Later that year, Seibel opened his first restaurant, Serendipity 3, in New York City. He opened a second restaurant, with the same name, at Caesars Palace in Las Vegas in 2009 and a third in Washington two years after that. He also went into business with Ramsay in a series of restaurants in Las Vegas and Los Angeles.

Ramsay Partnership
Ramsay, the host of Master Chef and Hell’s Kitchen, has accused Seibel in a lawsuit of inept management. Seibel, in his lawsuit, says Ramsay took his investment to open a different restaurant.

It wasn’t Seibel’s first turn in the gossip pages. Back in 2003, he allegedly flirted with the fiancée of Alex von Furstenburg, the son of the legendary fashion designer. Von Furstenburg slammed his car into Seibel’s. “I hurt my knuckle, probably when I hit him in the head,” von Furstenburg told police, according to press reports.

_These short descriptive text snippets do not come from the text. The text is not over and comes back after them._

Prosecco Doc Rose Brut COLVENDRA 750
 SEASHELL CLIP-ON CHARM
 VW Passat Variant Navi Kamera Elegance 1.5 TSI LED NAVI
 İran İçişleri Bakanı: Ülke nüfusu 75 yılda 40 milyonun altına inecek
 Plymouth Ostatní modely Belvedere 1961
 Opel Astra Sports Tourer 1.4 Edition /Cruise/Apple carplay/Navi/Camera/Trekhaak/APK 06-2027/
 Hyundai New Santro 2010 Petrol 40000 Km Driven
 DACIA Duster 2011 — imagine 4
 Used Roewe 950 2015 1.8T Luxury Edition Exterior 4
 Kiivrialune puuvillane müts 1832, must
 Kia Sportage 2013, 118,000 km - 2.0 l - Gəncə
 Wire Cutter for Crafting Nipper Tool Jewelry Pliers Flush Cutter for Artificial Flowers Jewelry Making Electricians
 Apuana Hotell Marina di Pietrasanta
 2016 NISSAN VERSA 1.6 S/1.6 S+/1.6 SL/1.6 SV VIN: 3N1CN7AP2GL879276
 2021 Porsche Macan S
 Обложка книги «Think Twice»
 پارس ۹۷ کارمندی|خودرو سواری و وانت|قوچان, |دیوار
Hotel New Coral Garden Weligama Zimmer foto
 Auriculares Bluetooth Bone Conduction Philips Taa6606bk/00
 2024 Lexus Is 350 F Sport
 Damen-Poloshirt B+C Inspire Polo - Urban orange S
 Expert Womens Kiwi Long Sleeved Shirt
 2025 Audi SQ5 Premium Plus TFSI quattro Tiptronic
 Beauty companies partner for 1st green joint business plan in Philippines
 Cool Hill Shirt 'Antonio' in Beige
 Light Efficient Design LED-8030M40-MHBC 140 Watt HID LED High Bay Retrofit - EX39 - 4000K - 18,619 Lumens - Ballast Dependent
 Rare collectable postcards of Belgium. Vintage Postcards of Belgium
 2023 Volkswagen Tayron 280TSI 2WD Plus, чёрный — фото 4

In 2009, the government introduced its first offshore voluntary disclosure program, allowing U.S. taxpayers to avoid prosecution and pay reduced penalties for declaring their hidden accounts.

‘Otherwise Disappeared’
Seibel’s mother didn’t qualify, her then-lawyer told her, because IRS agents had already questioned her about Birkenfeld, prosecutors say in a filing. Her attorney, however, suggested that her son could, according to the filing.

In October 2009, Seibel applied for amnesty but said he didn’t know the status of his UBS account until he asked about it—more than a year after he transferred the money to the Safra account. He claimed that the deposits had “been stolen or otherwise disappeared.”

Today, Seibel splits time between a 19th-floor apartment on Central Park South in Manhattan and a $3 million home in Las Vegas, according to court filings and public records. On Friday, he was also ordered to pay a $15,000 fine by the judge.

U.S. prosecutors have been unsuccessful getting prison terms for many Americans who hid the most money in offshore accounts—even sums far larger than Seibel’s. Fink cited H. Ty Warner, the billionaire creator of Beanie Babies, who evaded almost $5.6 million in taxes on an undisclosed account with as much as $107 million. Warner’s evasion was the largest of more than 100 cases in a crackdown against taxpayers and enablers who used offshore accounts to cheat the IRS. He was sentenced to probation and community service.